Gene signature (GS) clusters were selected by the criteria that have probability of uncontrolled expression between myeloid cells (HL60, HL60/DMSO, HL60/TPA, granulocytes) and the remaining tissues less than 0.5%. P values represent the probabilities of each gene with uncontrolled expression between two sets of libraries (see Methods for calculations). Along with these known genes, 28 GSs for novel genes as follows were selected: GS01371, GS01572, GS08424, GS01582, GS01553, GS01965, GS01356, GS00656, GS08595, GS01922, GS08435, GS01123, GS00963, GS01383, GS08551, GS08572, GS01352, GS01109, GS01561, GS08460, GS05157, GS00549, GS01251, GS00627, GS08477, GS08379, GS01458, GS01987. For sequences, refer to http://bodymap.ims.u-tokyo.ac.jp

DISCUSSION

The wide coverage of human genes in dbEST permits parallel gene expression monitoring based on prior knowledge of gene sequence (Lockhart et al. 1996; Iyer et al. 1999). However, from a practical perspective, researchers must select a set of genes suitable for target tissues to make testing efficient (Loftus et al. 1999). The well-preserved abundance information and high anatomical resolution make BodyMap a preferable source for probe selection (http://bodymap.ims.u-tokyo.ac.jp). Another unique feature of BodyMap is the absolute abundance values for transcripts for various tissues. Such information is also found in shorter tag collection, SAGE (Velculescu et al. 1995; Welle et al. 1999), and the tissue-coverage complement to each other. The abundance data covering various tissues are complementary to relative gene expression comparison (DeRisi 1996; Schena et al. 1996; Kawamoto et al. 1999) for evaluating the functions of uncharacterized genes.

Site-directed EST sequences are indispensable for identification of gene ends within genomic sequences because even the most sophisticated computer programs tend to overpredict the presence of exons (Dunham et al. 1999).

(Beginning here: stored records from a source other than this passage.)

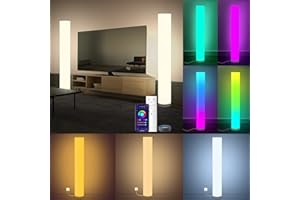 Fortand 2 Pièces RGBW Lampadaire sur Pied Salon LED Compatible avec Alexa, Google Home, WiFi APP et Télécommande D'angle Lampe colonne Couleurs Réglable pour Chambre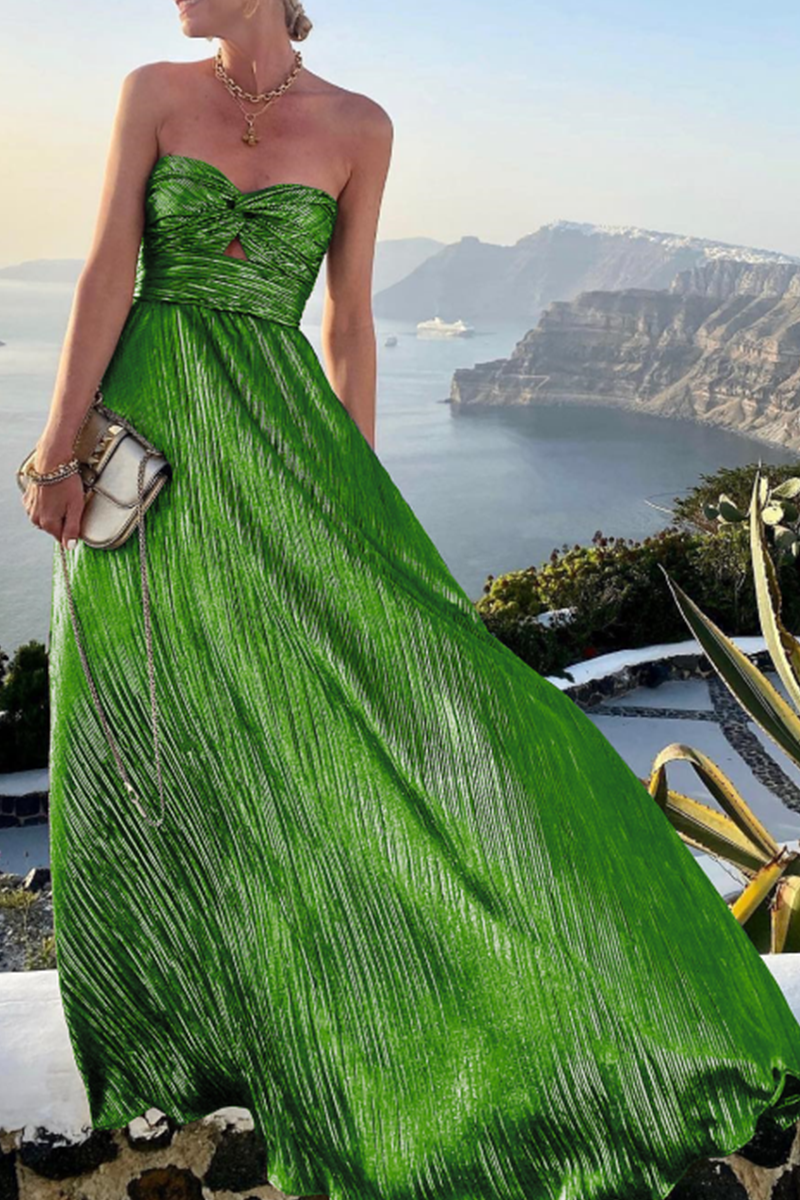 Kaynafashions - Fashion Solid Hollowed Out Strapless Cake Skirt Dresses(7 Colors)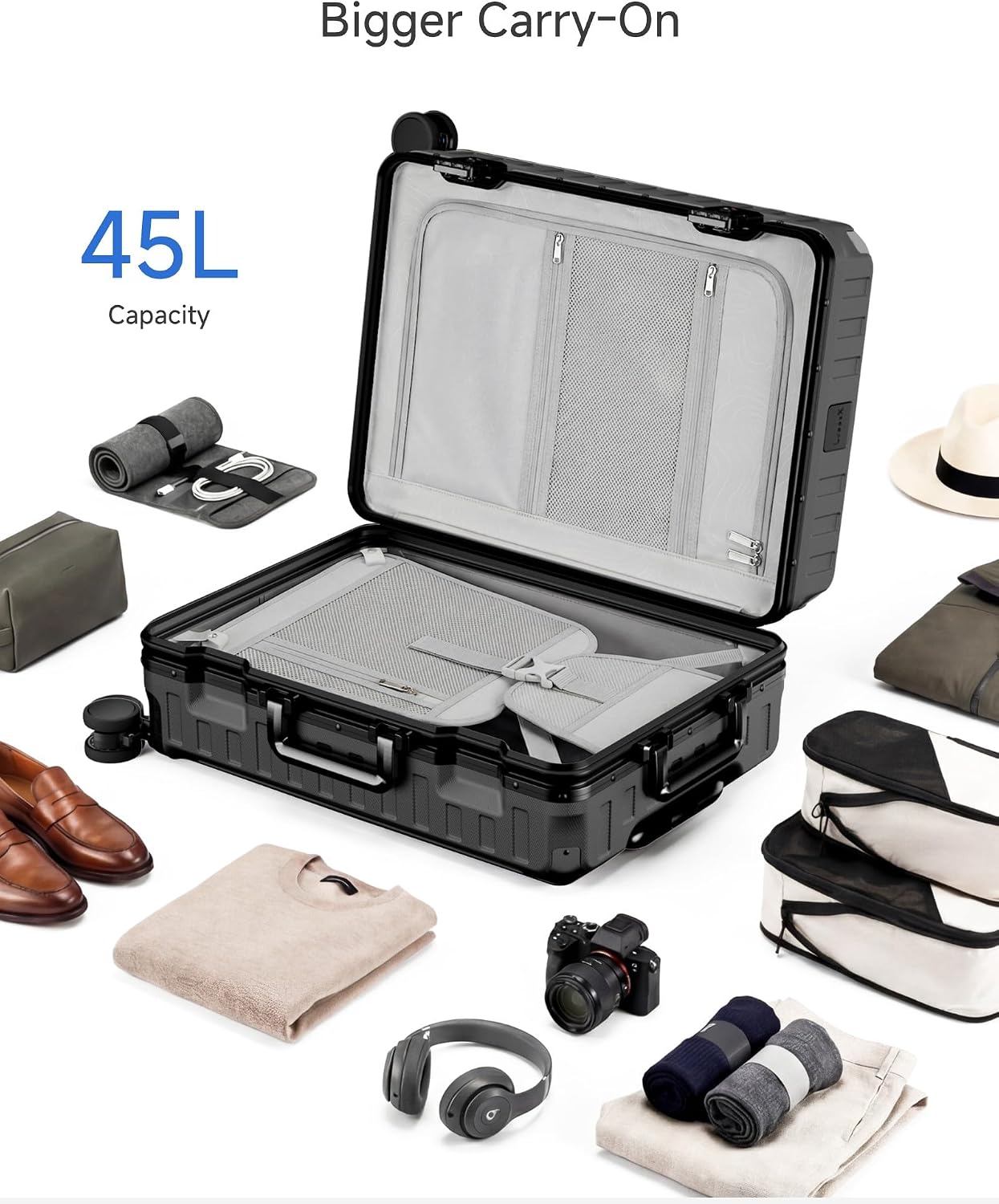 LUGGEX Zipperless Checked Suitcase, Aluminum Frame, Charcoal Metallic, 28" | Checked Luggage, 100% PC Hard Shell, 8010S Aluminum Frame, 8 Spinner Wheels, TSA Lock, Hard Shell, ZX-Core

The overlap of dbESTs with BodyMap indicates that there are still more transcripts to be identified in brain and other tissues. The higher complexity of transcripts in brain, as shown by the accumulated frequency curve, supports this idea. Possible overprediction of genes by using 3′ ESTs is due to cloning artifacts and alternative polyadenylation. Validation of 3′ ESTs by using hexanucleotide signals suggested that such artifacts were negligible in our data set. The 3′ ends without the AATAAA were observed at high incidences not only in BodyMap (39%), but also in human cDNAs in GenBank (37%) and qualified 3′ ESTs from dbEST (40%). In those 3′ ends, several uncommon single-base variants, such BATAAA and AATABA (B = T, G, C), plausibly responsible for poly(A) formation in these 3′ ends, were found at very similar rates. After this paper was submitted, Beaudoing et al. (2000) published similar results from an analysis of 4344 human 3′ untranslated regions (UTRs) and 3′ ESTs overlapping with them. The proportion of 3′ ends without AATAAA was 41.8% in their analysis, and uncommon single-base variants were found at significant frequencies among them. In BodyMap, upstream alternative polyadenylation was found in 12% of GenBank mRNA entries. Assuming the same incidence of downstream alternatives, our estimate of alternative polyadenylation is 24%, close to the reported estimates by EST clustering (16%) (Gautheret et al.) and recent 3′ UTR analysis (28.6%). Although generation of multiple 3′ ESTs from one gene may affect transcript counting by EST clustering, assigning them to genomic sequences will easily resolve this problem as long as the ESTs are not far apart.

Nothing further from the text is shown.